Oxford University Press, Nucleic Acids Research, D1(40), p. D1067-D1076, 2011
DOI: 10.1093/nar/gkr968
Full text: Download
High-throughput genome technologies have produced a wealth of data on the association of genes and gene products to biological functions. Investigators have discovered value in combining their experimental results with published genome-wide association studies, quantitative trait locus, microarray, RNA-sequencing and mutant phenotyping studies to identify gene-function associations across diverse experiments, species, conditions, behaviors or biological processes. These experimental results are typically derived from disparate data repositories, publication supplements or reconstructions from primary data stores. This leaves bench biologists with the complex and unscalable task of integrating data by identifying and gathering relevant studies, reanalyzing primary data, unifying gene identifiers and applying ad hoc computational analysis to the integrated set.
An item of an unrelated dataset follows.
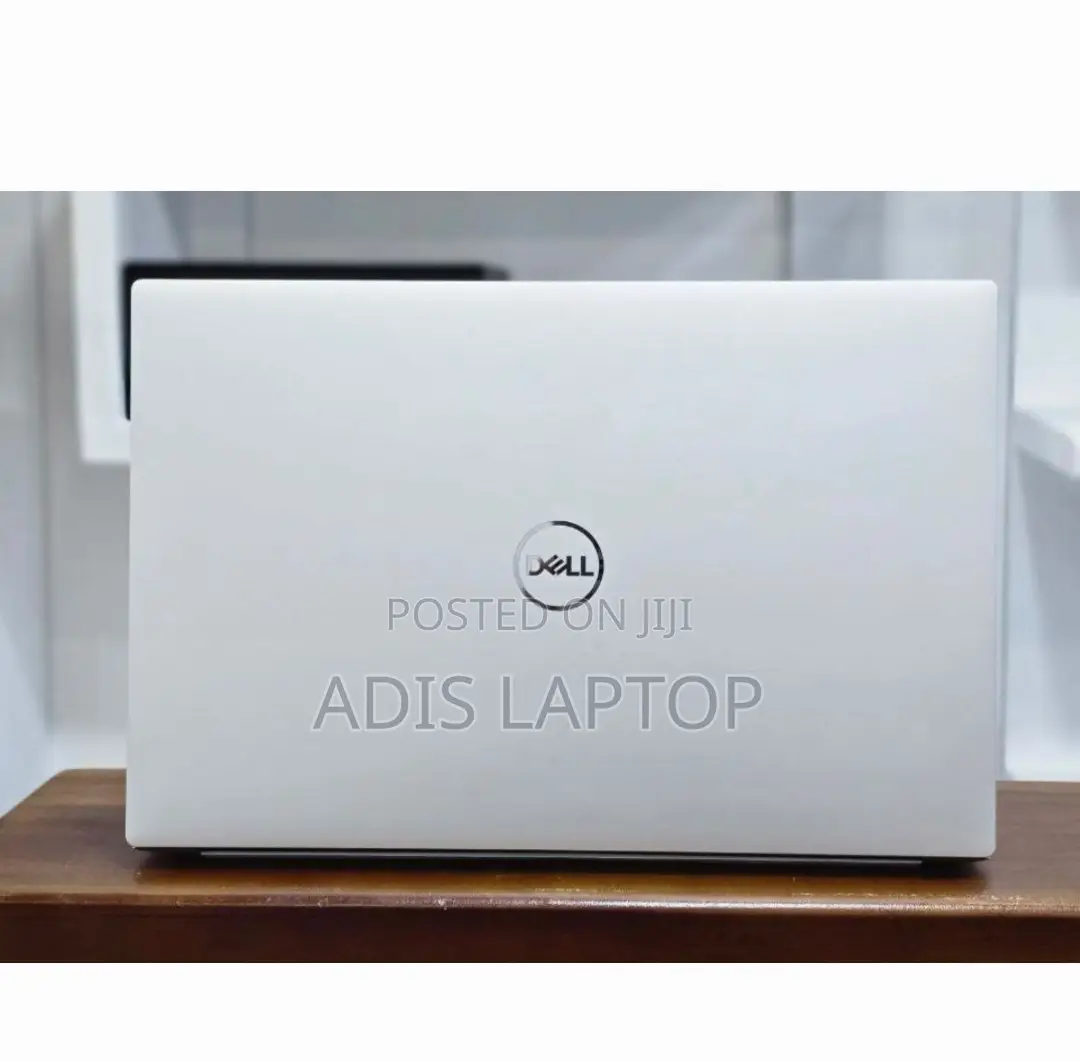 New Laptop Dell XPS 15 32GB Intel Core I7 SSD 1T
The freely available GeneWeaver (http://www.GeneWeaver.org) powered by the Ontological Discovery Environment is a curated repository of genomic experimental results with an accompanying tool set for dynamic integration of these data sets, enabling users to interactively address questions about sets of biological functions and their relations to sets of genes. Thus, large numbers of independently published genomic results can be organized into new conceptual frameworks driven by the underlying, inferred biological relationships rather than a pre-existing semantic framework. An empirical 'ontology' is discovered from the aggregate of experimental knowledge around user-defined areas of biological inquiry.